Vsevolod Bagno
Born: 1951
Quick Study: Vsevolod Bagno is a distinguished literary scholar and translator of Spanish literature, director of the Institute of Russian Literature (aka the Pushkin House, a constituent institute of the Russian Academy of Sciences specializing in literature), editor-in-chief of the journal Russkaya literatura, and member of several Russian Federation cultural committees and councils.
The Bagno File: Bagno studied Spanish language and literature at Leningrad State University and wrote his two dissertations at the Pushkin House, eventually becoming that eminent institution’s director. He went on to produce an extensive body of scholarship on Russian literature, Spanish literature, and the cultural and literary connections between the two. He is also a professor at Saint Petersburg State University and a member of the Russian Academy of Sciences. He has translated poetry, prose, and drama from Spanish, Catalan, English, and French (including Francisco de Quevedo, José Ortega y Gasset, Jorge Luis Borges, Julio Cortázar, Germain Nouveau, Ramon Llull, and John Keats); edited editions of collected works of Jorge Luis Borges, Gabriel García Márquez, and Julio Cortázar in Russian translation; and since 2001 has periodically released collections of punning, paradoxical aphorisms entitled Pod absurdinku (a play on words combining the meanings of “muted,” “on the sly,” and “absurd”).
Bagno’s myriad other services, duties, and positions include:
- Editor-in-chief, Russkaya literatura
- Member, Zvezda Community Council
- Member, Big Book Prize Community Council
- Member, Read Russia Prize jury
- Member, International Association of Cervantes Scholars
- President, St. Petersburg Cervantes Fund
- Member, St. Petersburg Writer’s Union
- Member, Supervisory Board of the Institute of Translation
- Member, Russian Language Support, Conservation, and Development Advisory Board of the Federation Council’s Committee on Education and the Sciences
- Member, Ministry of Culture’s Science and Innovation Committee
- Member, St. Petersburg Mayor’s Committee on Cultivating Language
- Board Member, Likhachev Fund
- Member, Supervisory Board for the Humanities for the Russian State University of the Humanities
- Member, St. Petersburg State University Federal Funds Committee (evaluates university faculty research proposals that request federal funds)
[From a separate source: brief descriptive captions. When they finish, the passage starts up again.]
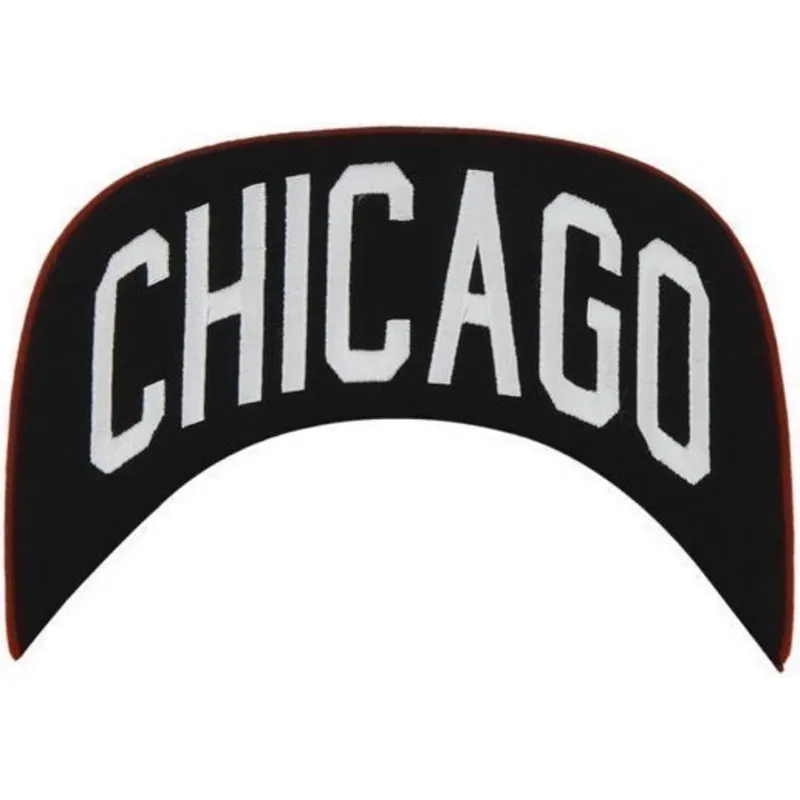 lippikset-littea-punainen-snapback-chicago-blackhawks-nhl-47-brand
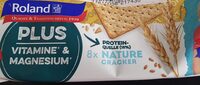 Roland Plus Vitamine & Magnesium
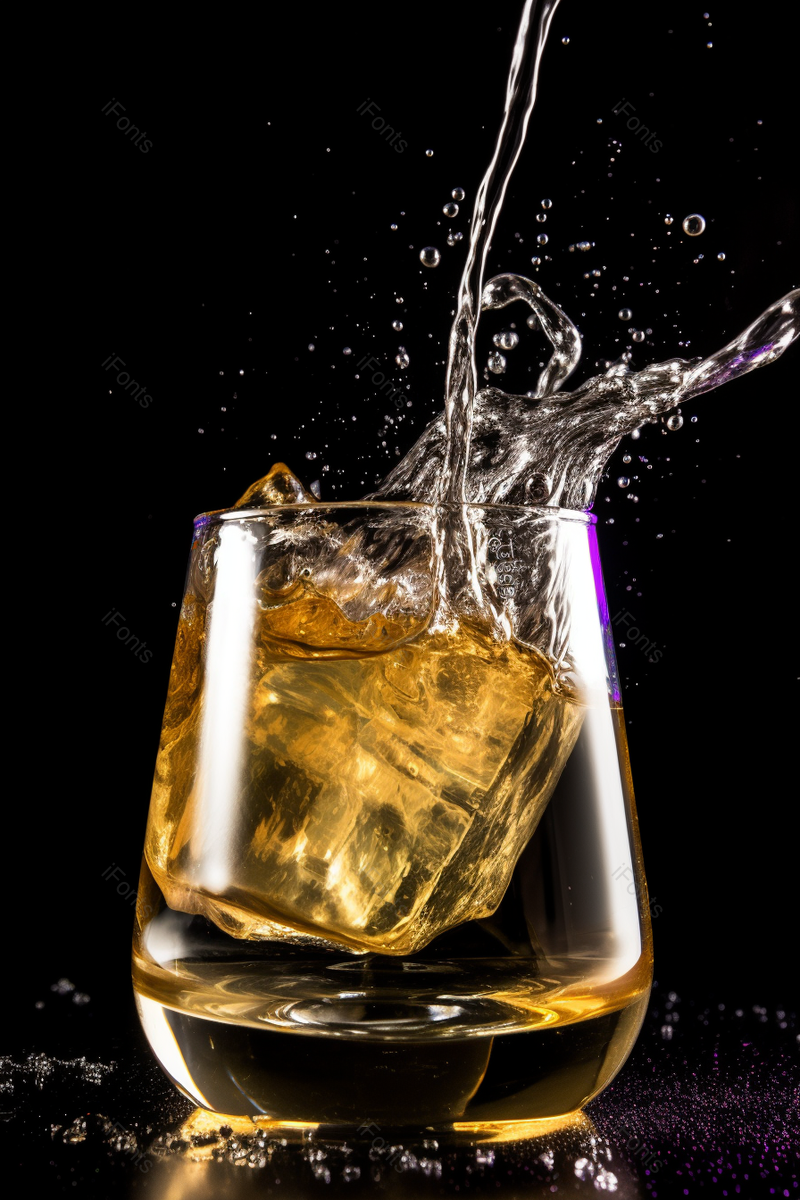 一杯小麦冰镇啤酒酒水饮品,高清,摄影图,摄影图片,图片大全,摄影图免费下载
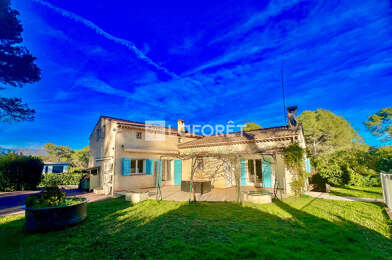 Maison 9 pièces 850000 €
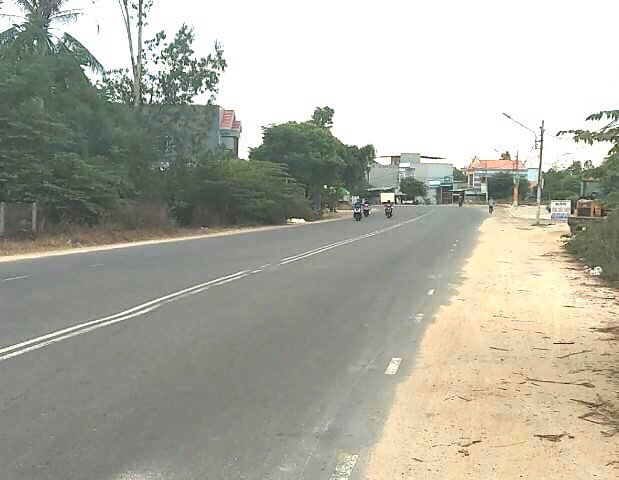 Bán đất tại Đường ĐT 616, Tam Kỳ,  Quảng Nam diện tích 447m2  giá 2.3 Tỷ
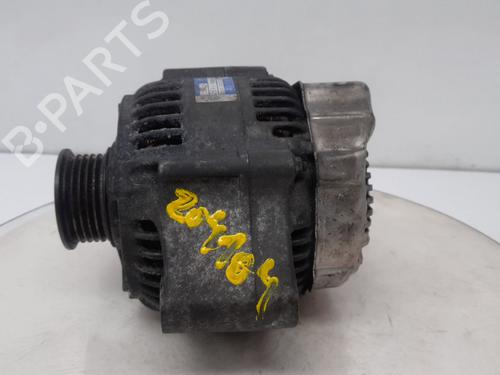 Used Alternator Alternator ROVER 75 (RJ) 1.8 (120 hp) 34133246 34133246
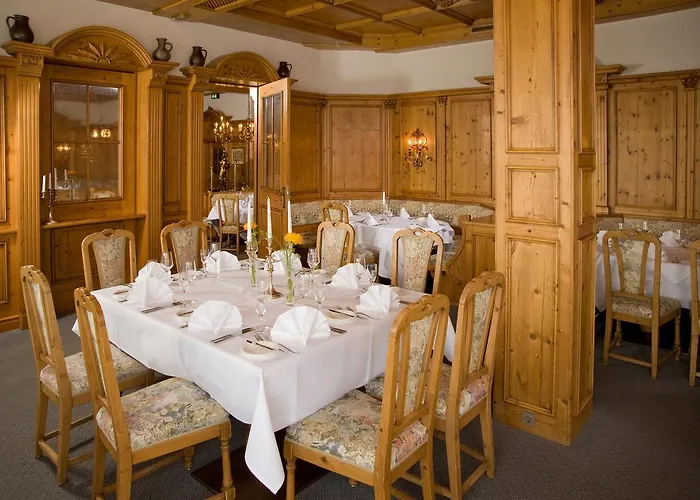 Hotel Goebels Rodenberg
- Co-Chairperson of the committee on Connections and Cultural Relations between Russia, Spain, and Latin America of the Russian Academy of Science’s Research Council on the History of Global Culture
- Deputy Chairperson of the Editorial Board of the series “Literary Monuments” (releases academic editions of important literary works from around the world)
- Chairperson of the Editorial Board of the 35-volume Complete Collected Works of Dostoyevsky
- Member, Editorial Board of the Complete Collected Works of Pushkin
Psssst….........: Bagno was granted the Spanish Order of Isabella the Catholic (Officer of the Cross) in recognition of his dedication to promoting cultural ties between Spain and Russia.
Bagno’s Places: Born in Engels, Saratov Oblast; lives and works in Saint Petersburg.
The Word on Bagno: According to his membership profile on the webpage of the Worldwide Petersburger’s Club, his hobbies include photography, sculpture, and karate. He was recently one of the judges for the UK-Russia Year of Language and Literature Translation Contest (2016).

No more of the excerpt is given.